INPUT RECORDS:
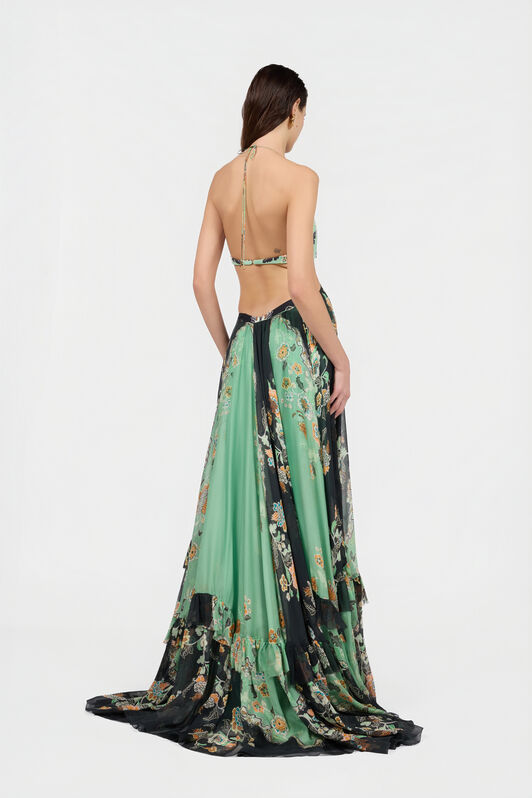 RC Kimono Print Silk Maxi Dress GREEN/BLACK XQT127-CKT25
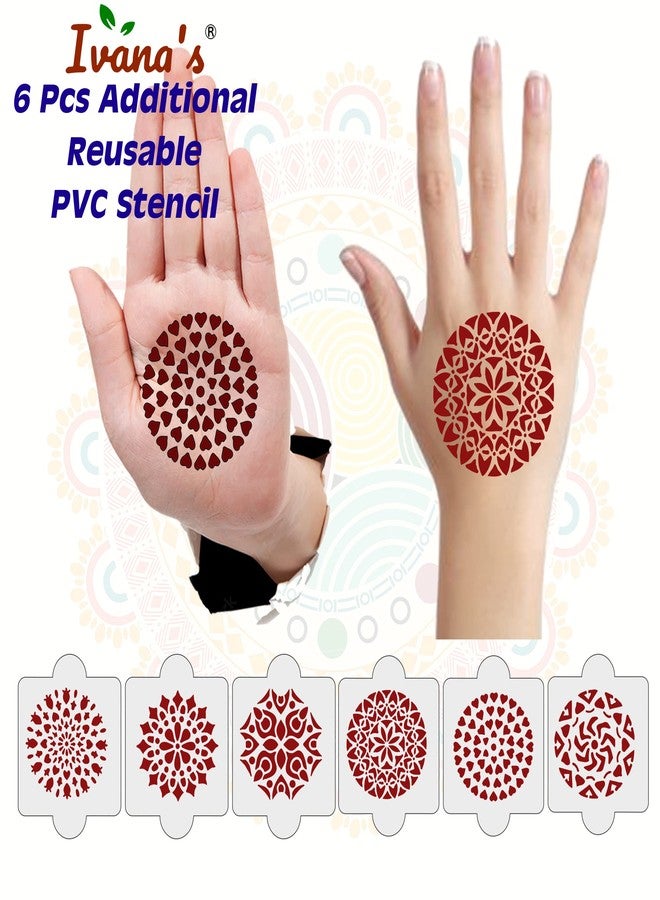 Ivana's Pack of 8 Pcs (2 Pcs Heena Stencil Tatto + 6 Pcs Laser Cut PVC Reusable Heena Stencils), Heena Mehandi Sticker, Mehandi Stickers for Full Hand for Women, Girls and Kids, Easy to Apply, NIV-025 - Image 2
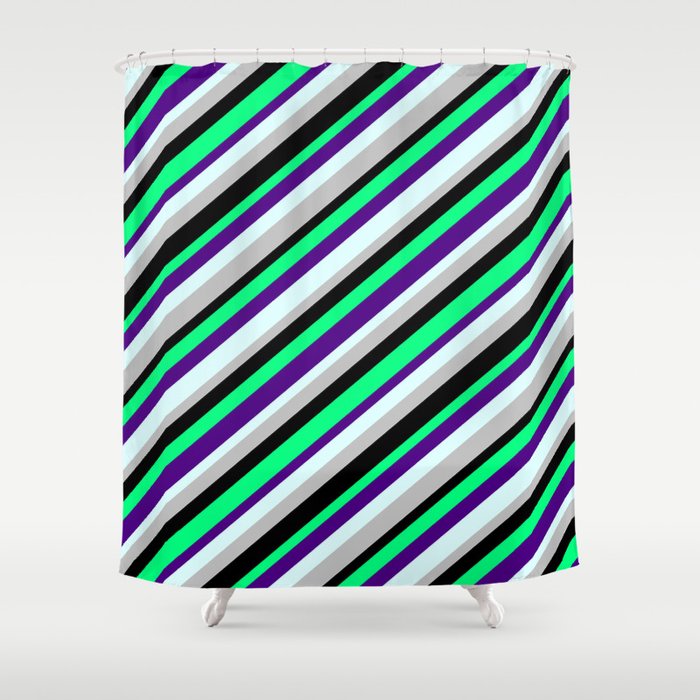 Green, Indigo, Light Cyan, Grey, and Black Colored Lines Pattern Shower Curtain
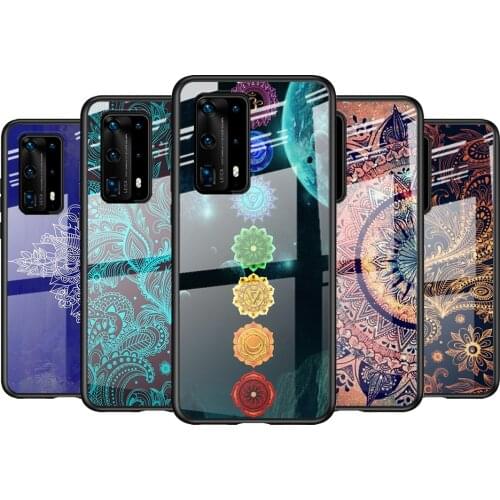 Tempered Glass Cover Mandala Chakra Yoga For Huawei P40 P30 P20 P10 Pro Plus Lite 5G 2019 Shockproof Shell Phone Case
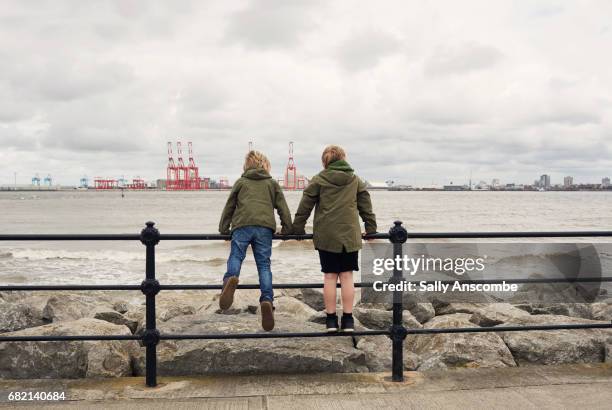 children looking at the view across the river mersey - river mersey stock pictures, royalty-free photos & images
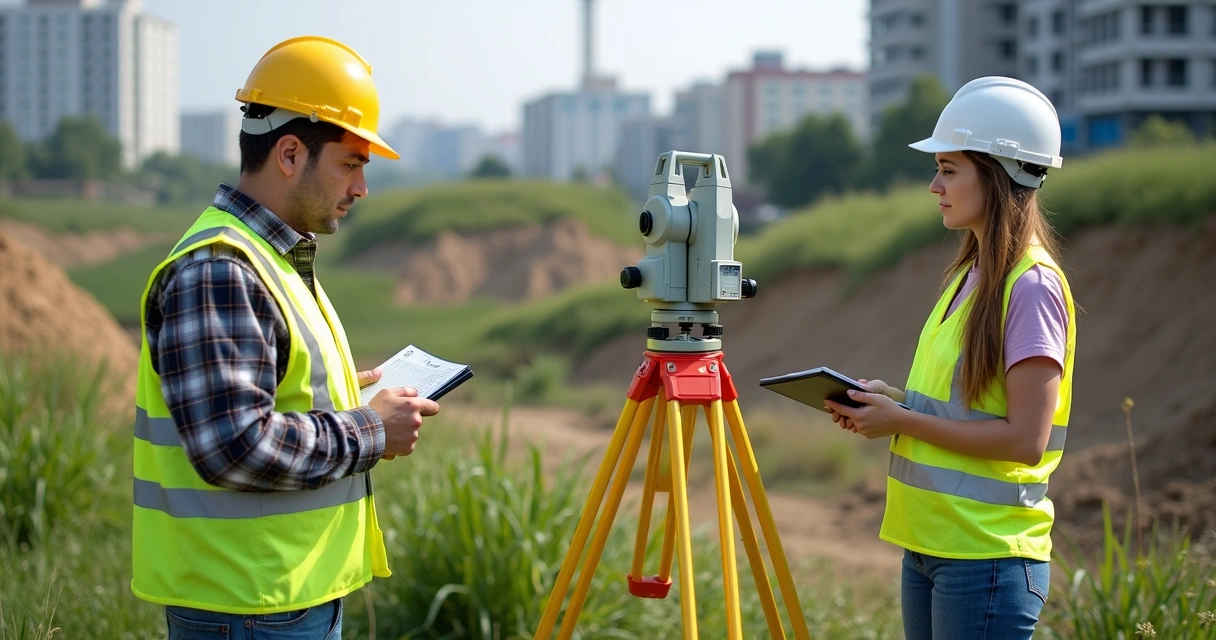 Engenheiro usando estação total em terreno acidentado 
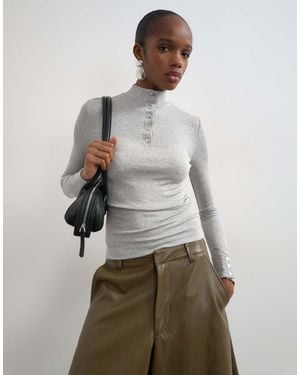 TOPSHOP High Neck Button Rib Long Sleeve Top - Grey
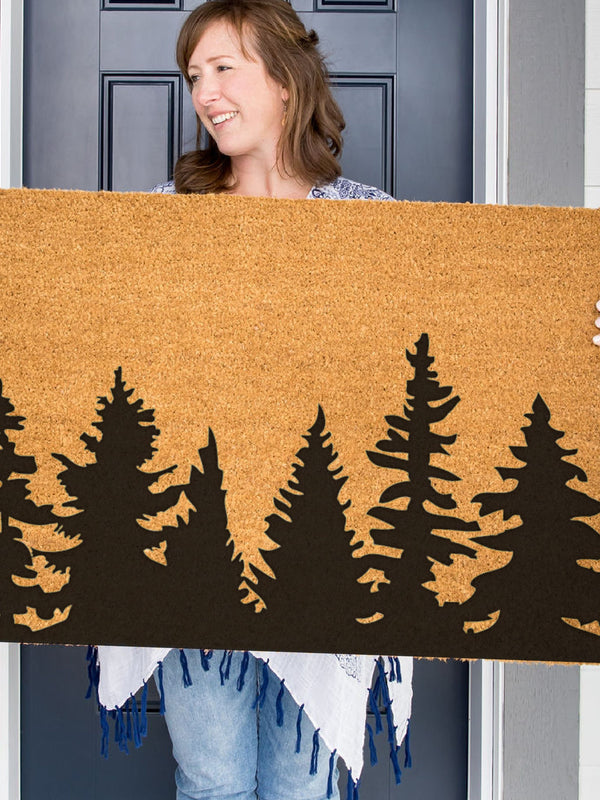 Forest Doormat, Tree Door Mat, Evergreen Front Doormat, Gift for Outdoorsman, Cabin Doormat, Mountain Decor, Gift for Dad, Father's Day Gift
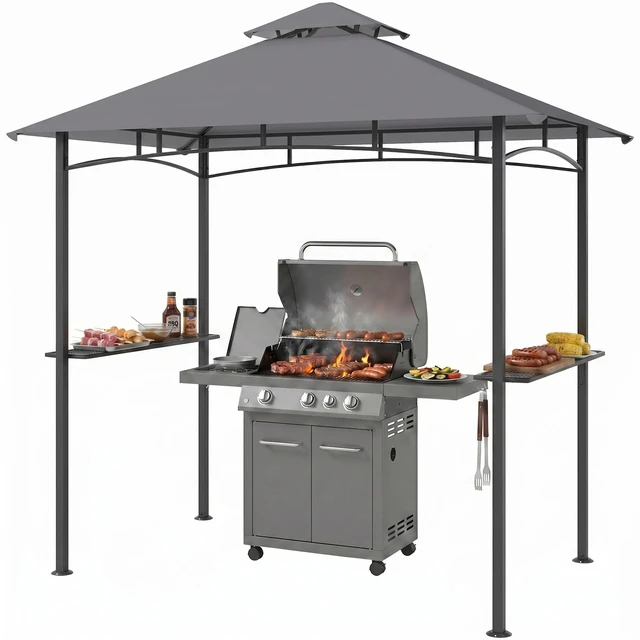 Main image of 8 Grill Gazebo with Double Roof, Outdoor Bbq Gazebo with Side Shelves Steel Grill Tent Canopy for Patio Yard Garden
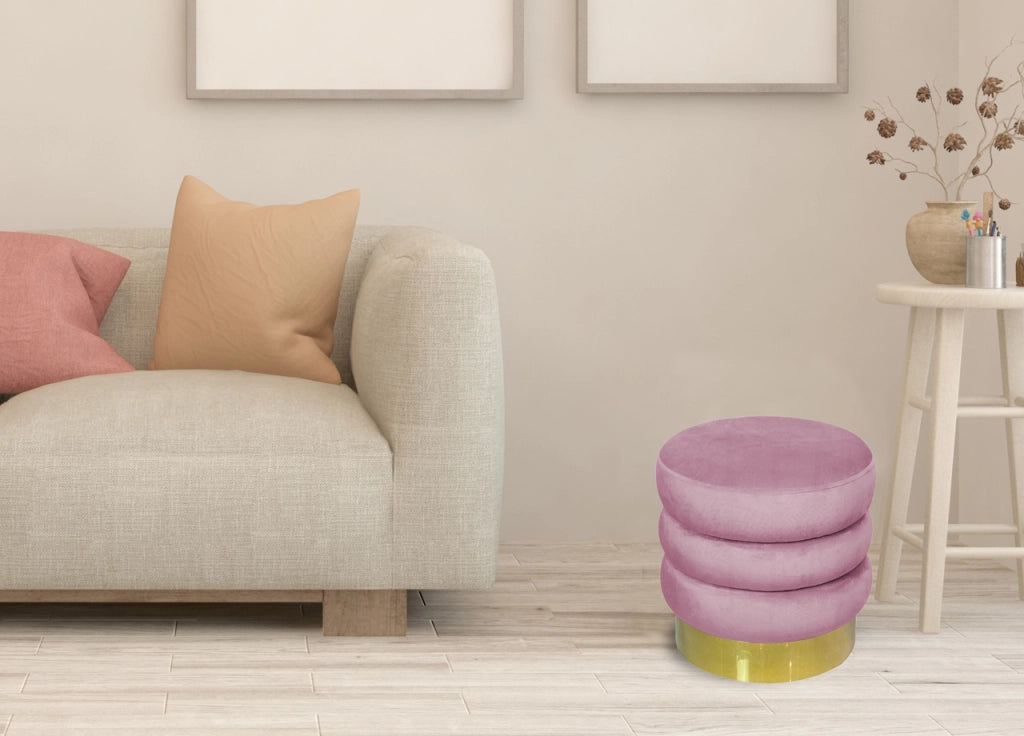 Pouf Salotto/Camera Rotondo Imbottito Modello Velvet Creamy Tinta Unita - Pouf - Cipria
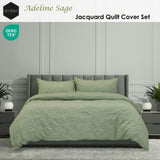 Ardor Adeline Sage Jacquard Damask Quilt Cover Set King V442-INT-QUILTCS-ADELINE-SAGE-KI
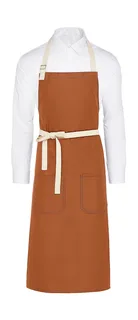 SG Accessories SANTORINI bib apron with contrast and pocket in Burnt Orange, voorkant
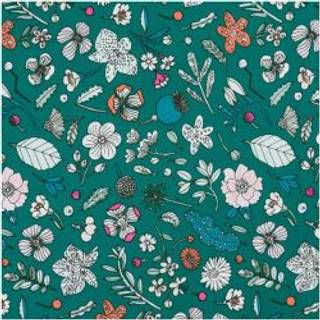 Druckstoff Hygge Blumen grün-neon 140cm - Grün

TASK DETAILS: The data above must be given back verbatim, minus its images.

WRITTEN SOLUTION:
 RC Kimono Print Silk Maxi Dress GREEN/BLACK XQT127-CKT25
 Ivana's Pack of 8 Pcs (2 Pcs Heena Stencil Tatto + 6 Pcs Laser Cut PVC Reusable Heena Stencils), Heena Mehandi Sticker, Mehandi Stickers for Full Hand for Women, Girls and Kids, Easy to Apply, NIV-025 - Image 2
 Green, Indigo, Light Cyan, Grey, and Black Colored Lines Pattern Shower Curtain
 Tempered Glass Cover Mandala Chakra Yoga For Huawei P40 P30 P20 P10 Pro Plus Lite 5G 2019 Shockproof Shell Phone Case
 children looking at the view across the river mersey - river mersey stock pictures, royalty-free photos & images
 Engenheiro usando estação total em terreno acidentado 
 TOPSHOP High Neck Button Rib Long Sleeve Top - Grey
 Forest Doormat, Tree Door Mat, Evergreen Front Doormat, Gift for Outdoorsman, Cabin Doormat, Mountain Decor, Gift for Dad, Father's Day Gift
 Main image of 8 Grill Gazebo with Double Roof, Outdoor Bbq Gazebo with Side Shelves Steel Grill Tent Canopy for Patio Yard Garden
 Pouf Salotto/Camera Rotondo Imbottito Modello Velvet Creamy Tinta Unita - Pouf - Cipria
 Ardor Adeline Sage Jacquard Damask Quilt Cover Set King V442-INT-QUILTCS-ADELINE-SAGE-KI
 SG Accessories SANTORINI bib apron with contrast and pocket in Burnt Orange, voorkant
 Druckstoff Hygge Blumen grün-neon 140cm - Grün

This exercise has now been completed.